Doubts about Facebook’s future had been blamed in large part on their lack of mobile revenues. Facebook fixed that in just three months. Pretty impressive. Facebook stock was up 23% after reports on their 3rd quarter showed that mobile was 14% of their ad revenues. Those mobile revenues were 15 times higher than Q2. My comments on Bloomberg TV were a response to naysayers about Facebook’s IPO.
I also commented, though it’s not in the video, that many people now view Facebook as a necessary place to check several times per day, just so they can keep up with their friends’ latest real world moves.

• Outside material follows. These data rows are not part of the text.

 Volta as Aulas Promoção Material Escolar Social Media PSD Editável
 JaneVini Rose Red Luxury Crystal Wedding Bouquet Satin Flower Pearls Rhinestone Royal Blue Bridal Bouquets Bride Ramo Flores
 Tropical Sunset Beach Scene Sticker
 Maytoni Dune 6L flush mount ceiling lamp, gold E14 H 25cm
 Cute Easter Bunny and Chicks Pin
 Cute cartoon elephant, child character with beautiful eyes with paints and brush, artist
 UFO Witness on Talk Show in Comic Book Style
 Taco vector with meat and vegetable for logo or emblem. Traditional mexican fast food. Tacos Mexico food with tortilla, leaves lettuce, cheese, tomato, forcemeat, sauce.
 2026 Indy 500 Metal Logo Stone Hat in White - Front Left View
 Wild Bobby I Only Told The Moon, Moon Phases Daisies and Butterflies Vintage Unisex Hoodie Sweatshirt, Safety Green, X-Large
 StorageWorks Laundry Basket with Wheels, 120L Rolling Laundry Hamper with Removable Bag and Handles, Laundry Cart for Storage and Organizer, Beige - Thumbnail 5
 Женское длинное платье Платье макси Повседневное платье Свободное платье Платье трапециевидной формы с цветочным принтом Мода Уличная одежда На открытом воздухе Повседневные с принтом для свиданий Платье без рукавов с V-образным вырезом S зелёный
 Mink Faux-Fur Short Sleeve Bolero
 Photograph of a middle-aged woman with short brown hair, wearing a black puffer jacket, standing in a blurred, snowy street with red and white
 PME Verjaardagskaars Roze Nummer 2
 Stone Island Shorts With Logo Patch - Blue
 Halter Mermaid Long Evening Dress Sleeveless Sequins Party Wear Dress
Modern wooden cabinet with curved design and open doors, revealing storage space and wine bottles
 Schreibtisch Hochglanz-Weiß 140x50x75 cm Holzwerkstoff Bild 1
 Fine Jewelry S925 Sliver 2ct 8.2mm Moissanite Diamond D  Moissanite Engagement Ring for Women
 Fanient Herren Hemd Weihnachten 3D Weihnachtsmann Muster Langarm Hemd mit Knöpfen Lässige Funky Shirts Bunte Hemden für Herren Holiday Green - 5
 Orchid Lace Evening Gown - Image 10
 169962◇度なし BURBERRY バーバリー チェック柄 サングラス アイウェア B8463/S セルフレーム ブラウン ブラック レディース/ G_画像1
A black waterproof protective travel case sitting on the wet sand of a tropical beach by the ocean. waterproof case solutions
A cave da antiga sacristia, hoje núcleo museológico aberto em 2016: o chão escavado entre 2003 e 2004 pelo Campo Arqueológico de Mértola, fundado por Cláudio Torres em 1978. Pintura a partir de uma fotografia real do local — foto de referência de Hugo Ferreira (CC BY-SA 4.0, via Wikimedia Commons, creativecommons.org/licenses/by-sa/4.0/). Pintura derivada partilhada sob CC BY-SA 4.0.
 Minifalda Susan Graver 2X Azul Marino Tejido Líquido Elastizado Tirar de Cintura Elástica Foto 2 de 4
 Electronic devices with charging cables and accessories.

Also, I speculated that Facebook may have Google’s search dominance in their sights. I believe that Wall Street pressure, their partnership with Bing, and their ability to change the user interface whenever they want will make this an obvious strategic possibility for them. I don’t believe the average Google user can really see a different in search result quality (in other words, Google’s competitive advantage is really more a brand assumption than something people can verify once they question it). Yes, it may take time, but Facebook could slowly integrate web search results (naturally favoring sites that use Facebook like buttons and other social plugins) into their normal user experience, acclimating people to the idea that Facebook is really about people’s social experience across the entire web. Whether they go this route, and how fast, may be moderated by how much they monetize the rest of the web through FB Exchange. Currently, they prefer to keep people on Facebook.
The upshot for marketers? Test mobile ads and make sure your website uses Facebook social plugins.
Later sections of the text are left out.